A true bible of mushrooms, this work by Régis Marcon, a chef with three Michelin stars, brings together 65 identified species, 140 technical skills, and 100 gourmet recipes. From foraging to the plate, learn to recognize, prepare, and enhance each mushroom thanks to the expertise of the master chef. A reference book beautifully illustrated, essential for any lover of forest cuisine.
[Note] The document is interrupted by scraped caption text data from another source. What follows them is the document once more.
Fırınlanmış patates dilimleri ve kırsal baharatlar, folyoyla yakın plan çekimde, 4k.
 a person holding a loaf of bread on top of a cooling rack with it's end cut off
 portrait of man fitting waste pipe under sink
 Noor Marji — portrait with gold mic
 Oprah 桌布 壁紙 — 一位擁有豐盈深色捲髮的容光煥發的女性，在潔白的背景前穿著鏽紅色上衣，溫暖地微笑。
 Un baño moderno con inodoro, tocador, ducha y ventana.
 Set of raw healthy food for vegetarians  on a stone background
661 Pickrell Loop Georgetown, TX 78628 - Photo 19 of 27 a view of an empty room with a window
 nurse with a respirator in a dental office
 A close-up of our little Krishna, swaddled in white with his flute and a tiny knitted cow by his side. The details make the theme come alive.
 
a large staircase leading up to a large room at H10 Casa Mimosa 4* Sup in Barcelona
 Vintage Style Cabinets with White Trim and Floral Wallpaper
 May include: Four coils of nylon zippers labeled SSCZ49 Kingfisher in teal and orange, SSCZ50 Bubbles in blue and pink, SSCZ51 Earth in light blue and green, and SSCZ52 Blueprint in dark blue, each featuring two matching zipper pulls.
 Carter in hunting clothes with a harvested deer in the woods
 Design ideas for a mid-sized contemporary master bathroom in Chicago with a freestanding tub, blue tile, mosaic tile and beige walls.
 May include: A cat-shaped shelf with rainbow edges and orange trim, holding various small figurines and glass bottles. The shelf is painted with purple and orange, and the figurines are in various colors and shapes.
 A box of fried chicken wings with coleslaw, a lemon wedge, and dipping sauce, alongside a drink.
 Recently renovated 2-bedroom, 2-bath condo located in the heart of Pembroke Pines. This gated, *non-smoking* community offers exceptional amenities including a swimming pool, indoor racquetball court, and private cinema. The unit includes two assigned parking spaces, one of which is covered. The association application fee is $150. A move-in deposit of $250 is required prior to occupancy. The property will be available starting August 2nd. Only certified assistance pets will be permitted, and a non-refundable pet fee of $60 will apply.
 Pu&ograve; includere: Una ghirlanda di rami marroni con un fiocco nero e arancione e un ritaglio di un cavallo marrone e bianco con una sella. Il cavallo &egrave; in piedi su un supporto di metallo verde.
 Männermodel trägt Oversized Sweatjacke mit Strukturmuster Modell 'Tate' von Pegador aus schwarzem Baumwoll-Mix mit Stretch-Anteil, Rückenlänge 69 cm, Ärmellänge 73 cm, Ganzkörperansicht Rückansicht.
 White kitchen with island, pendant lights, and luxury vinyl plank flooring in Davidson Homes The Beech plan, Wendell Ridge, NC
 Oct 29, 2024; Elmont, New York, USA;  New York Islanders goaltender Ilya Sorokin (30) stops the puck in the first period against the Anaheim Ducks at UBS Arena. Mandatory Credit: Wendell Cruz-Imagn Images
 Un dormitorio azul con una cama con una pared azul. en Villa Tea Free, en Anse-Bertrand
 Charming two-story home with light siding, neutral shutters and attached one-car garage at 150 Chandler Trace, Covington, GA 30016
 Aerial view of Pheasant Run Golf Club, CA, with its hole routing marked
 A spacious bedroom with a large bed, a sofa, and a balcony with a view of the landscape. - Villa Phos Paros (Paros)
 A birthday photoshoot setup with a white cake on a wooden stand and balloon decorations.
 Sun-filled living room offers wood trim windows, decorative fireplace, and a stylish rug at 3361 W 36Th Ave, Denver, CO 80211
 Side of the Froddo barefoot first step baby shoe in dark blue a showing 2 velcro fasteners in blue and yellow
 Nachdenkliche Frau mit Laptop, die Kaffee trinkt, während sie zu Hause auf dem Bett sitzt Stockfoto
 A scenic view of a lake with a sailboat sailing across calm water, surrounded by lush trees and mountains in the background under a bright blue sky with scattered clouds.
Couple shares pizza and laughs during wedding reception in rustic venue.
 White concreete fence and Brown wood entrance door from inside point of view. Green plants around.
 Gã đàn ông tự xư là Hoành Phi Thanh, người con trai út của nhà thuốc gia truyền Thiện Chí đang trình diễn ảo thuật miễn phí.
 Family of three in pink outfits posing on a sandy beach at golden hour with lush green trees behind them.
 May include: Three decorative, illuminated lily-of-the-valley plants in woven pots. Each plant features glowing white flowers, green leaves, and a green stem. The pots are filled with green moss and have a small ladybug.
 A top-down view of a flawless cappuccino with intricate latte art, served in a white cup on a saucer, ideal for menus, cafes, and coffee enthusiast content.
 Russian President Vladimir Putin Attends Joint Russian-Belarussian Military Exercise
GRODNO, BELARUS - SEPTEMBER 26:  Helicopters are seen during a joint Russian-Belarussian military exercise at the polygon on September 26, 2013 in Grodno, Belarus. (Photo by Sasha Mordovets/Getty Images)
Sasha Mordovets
Mushrooms: 65 mushrooms, 140 techniques, 100 recipes, fine grocery is the reference book of Régis Marcon, triple Michelin-starred chef at the Clos des Cimes to Saint-Bonnet-Le-Froid. A true tribute to the Nature, to the forest and to the French gastronomy, this work of more than 400 pages plunges the reader into the fascinating world of the Mushroom in all its forms.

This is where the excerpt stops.